> **Exercise description**
Once the data has been read, restate all of it exactly.

> **Source information**
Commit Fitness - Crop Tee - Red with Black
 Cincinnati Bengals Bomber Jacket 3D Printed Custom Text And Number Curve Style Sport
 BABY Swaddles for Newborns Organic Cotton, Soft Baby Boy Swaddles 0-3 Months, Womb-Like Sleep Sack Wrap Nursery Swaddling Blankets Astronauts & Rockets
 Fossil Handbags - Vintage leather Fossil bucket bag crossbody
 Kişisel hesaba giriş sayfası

> **Task result**
Commit Fitness - Crop Tee - Red with Black
 Cincinnati Bengals Bomber Jacket 3D Printed Custom Text And Number Curve Style Sport
 BABY Swaddles for Newborns Organic Cotton, Soft Baby Boy Swaddles 0-3 Months, Womb-Like Sleep Sack Wrap Nursery Swaddling Blankets Astronauts & Rockets
 Fossil Handbags - Vintage leather Fossil bucket bag crossbody
 Kişisel hesaba giriş sayfası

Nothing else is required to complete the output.